The opinion of the court was delivered by: Carolyn K. Delaney United States Magistrate Judge


Petitioner is a state prisoner and has filed a petition for writ of habeas corpus pursuant to 28 U.S.C. § 2254. Presently before the court is respondent's October 31, 2011 motion to dismiss these habeas proceedings. (See Dkt. No. 31.) Respondent makes three arguments in the motion; specifically: (1) the petition is untimely; (2) petitioner failed to exhaust Claim III of his amended habeas petition; and (3) petitioner failed to raise cognizable federal habeas issues with respect to Claims II, IV, VI and VII of the amended federal habeas petition. Petitioner, proceeding through counsel, filed a response in opposition to respondent's motion to dismiss and respondent thereafter filed a reply. (See Dkt. Nos. 37, 42.) For the following reasons, it is recommended that the motion to dismiss be granted due to untimeliness.


A. State Court Proceedings

Petitioner was convicted in the Sacramento County Superior Court of three counts of robbery in the second degree in violation of CAL. PENAL CODE § 211 and of being a felon in possession of a firearm in violation of CAL. PENAL CODE § 12021(a). (See Resp't's Lodged Doc. 1.)*fn1 Several sentencing enhancements were also found to be true. Petitioner received a sentence of 116 years and eight months to life imprisonment on September 12, 2003.

Petitioner appealed his judgment and conviction. On July 20, 2005, the California Court of Appeal, Third Appellate District affirmed the judgment. (See Resp't's Lodged Doc. No. 2.)

Petitioner then filed a petition for review with the California Supreme Court. (See Dkt. No. 4.) On November 16, 2005, the California Supreme Court granted the petition for review and stated the following:

The issue to be briefed and argued is limited to the following: Did the trial court err in instructing the jury that all employees have constructive possession of their employer's property during a robbery, and, if so, what is the proper standard for determining whether an employee has constructive possession of the employer's property during a robbery?

(Resp't's Lodged Doc. No. 5.) On February 19, 2009, the California Supreme Court affirmed the decision of the California Court of Appeal, Third Appellate District. (See Resp't's Lodged Doc. No. 6.)

Petitioner next filed a state habeas petition in the Sacramento County Superior Court on May 16, 2010.*fn2 (See Resp't's Lodged Doc. No. 7.) On July 12, 2010 the Sacramento County Superior Court denied the state habeas petition by stating the following:

Petitioner challenges his 2003 conviction for multiple counts of armed robbery. He contends that his counsel was ineffective because he declined to call Diane Reveles, petitioner's then girlfriend, as a witness at trial.

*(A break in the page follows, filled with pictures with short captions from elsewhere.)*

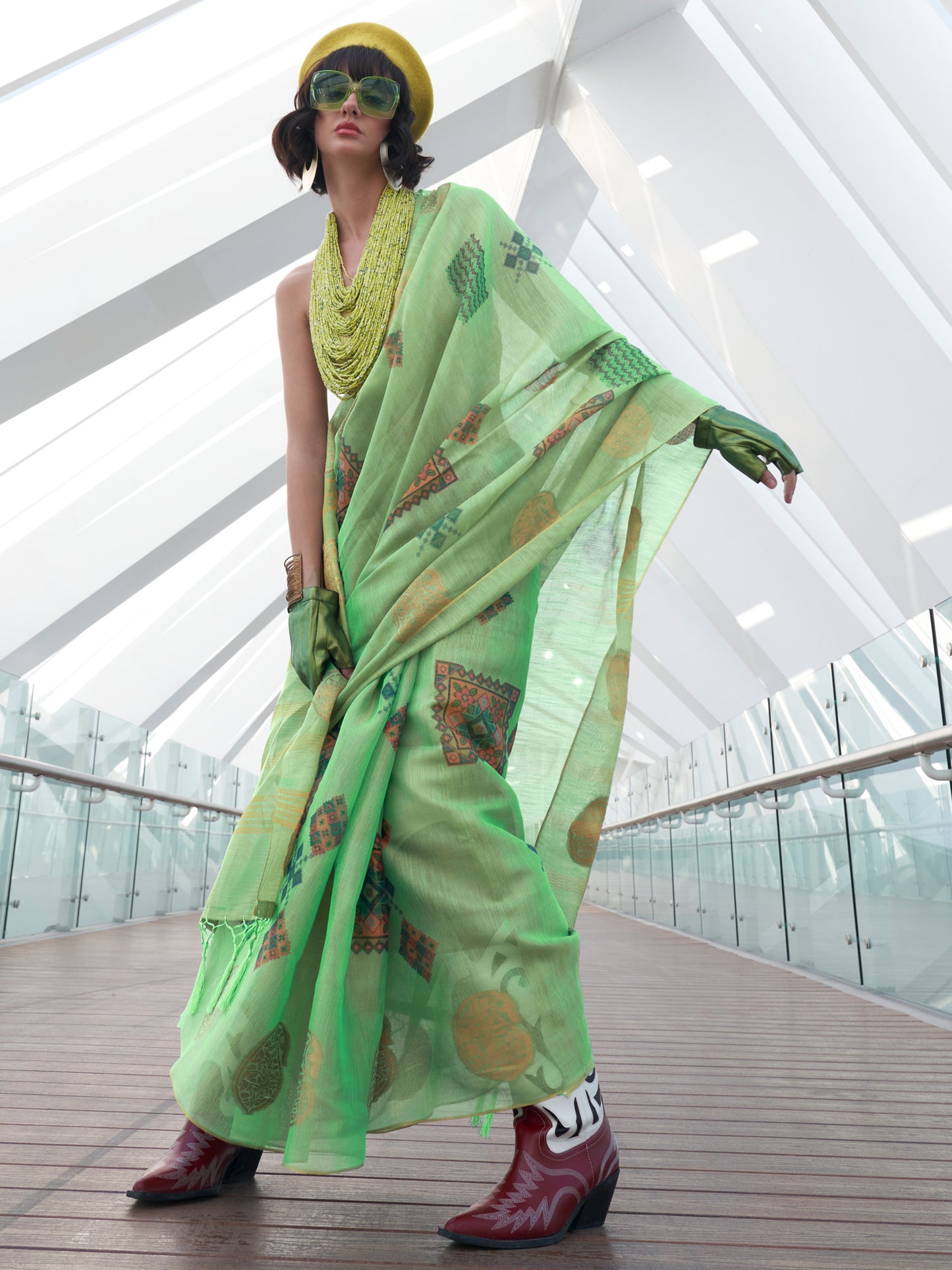 Women's Tissue Sea Green Woven Design Designer Saree With Blouse Piece
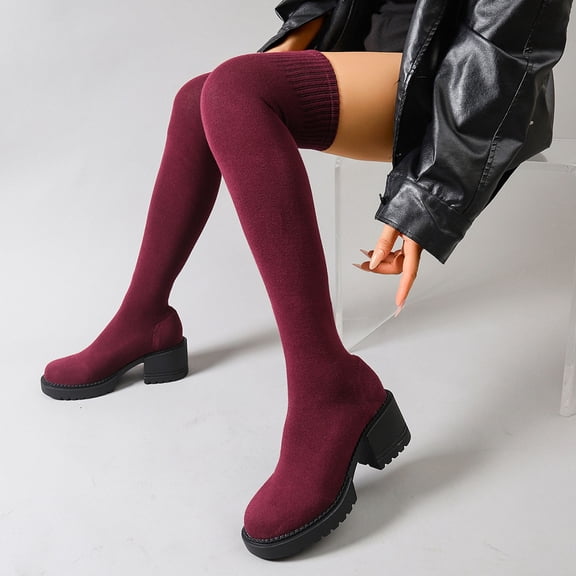 Xfvqtps Womens Thigh High Boots Knit Mesh Pull on Stretchy Block Mid Heel over the Knee Boots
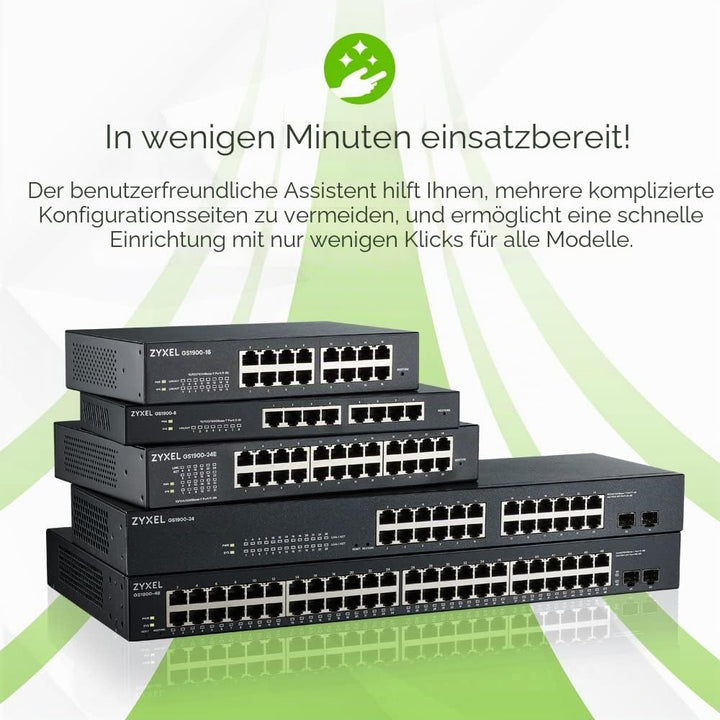 ZyXEL 8-Port Gigabit Ethernet Smart Managed PoE Switch mit 77 Watt Budget - lüfterloses Design und 2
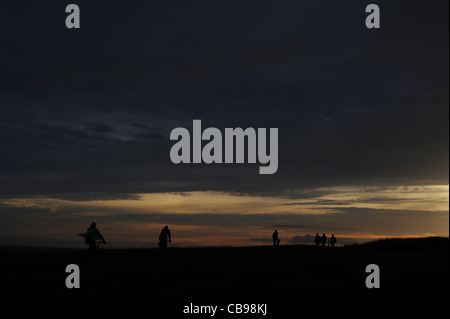 Tramonto su Highdown Hill, Worthing West Sussex, in Inghilterra Foto Stock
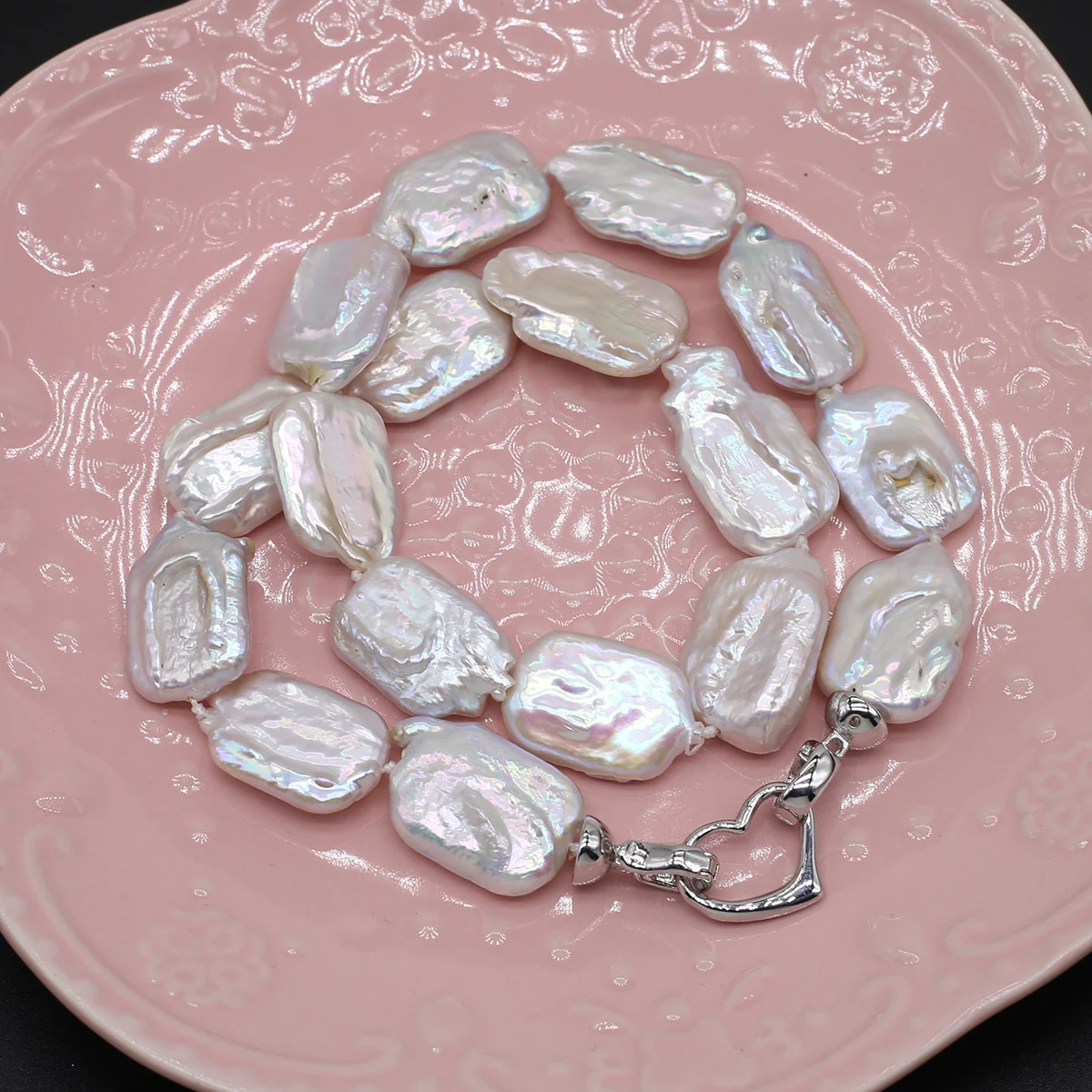 Natural Freshwater Pearl Necklace Baroque Square Exquisite Accessories Women Personality Necklace Girls Wedding Party Jewelry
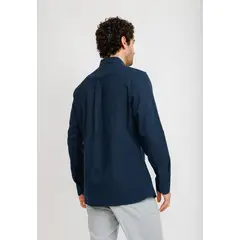 TRIAL - Camisa Lino Algodón Braulio Azul Marino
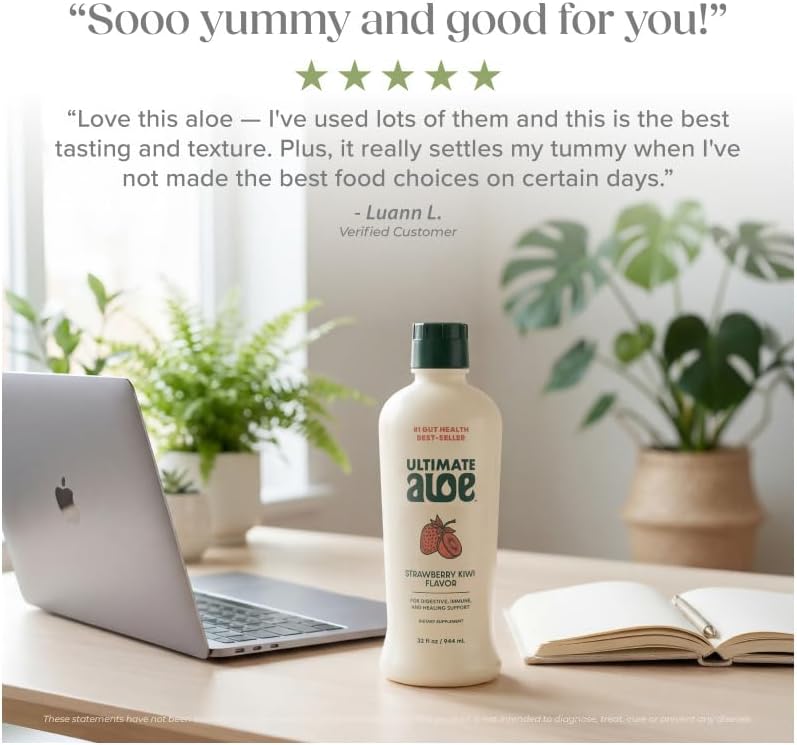 Ultimate Aloe – Aloe Juice, Strawberry & Kiwi Flavor, 16 Servings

In considering a petition for writ of habeas corpus, a court must determine whether petitioner has stated a prima facie claim for relief and whether the claims are procedurally barred. (People v. Romero (1994) 8 Cal.4th 728, 737.) The petitioner bears the burden of pleading sufficient grounds for relief. (People v. Duvall (1995) 9 Cal.4th 464, 474.) To satisfy the initial burden of pleading, the petition should (1) state fully and with particularity facts on which the relief is sought, and (2) include copies of reasonably available documentary evidence supporting the claims. (Id.)

a. The Petition is Barred Because it is Untimely

Petitioner bears the burden of showing that his petition is timely. (In re Robbins (1998) 18 Cal.4th 770, 780.) He must allege with specificity when information in support of his claim was discovered and why it should not have been discovered sooner. (Id.) Whether a petitioner has substantially delayed filing his petition is measured from the time the petitioner becomes aware of the grounds on which he seeks relief, which can be as early as the date of his conviction. (In re Clark (1993) 5 Cal.4th 750, 756, fn. 5.)

Here, petitioner was convicted in 2003. As discussed below, petitioner was aware of the facts on which he bases his ineffective assistance of counsel claim at trial, and his other claim of prosecutorial misconduct stems from challenges to a warrant that his counsel raised at trial. Petitioner does not, and indeed cannot, show that "the facts upon which [he] relies were not known to him and could not in the exercise of due diligence have been discovered by him at any time substantially earlier than the time of his motion for the writ." (In re Clark, supra, 5 Cal.4th at 779 (emphasis in original).) Accordingly, the petition is untimely.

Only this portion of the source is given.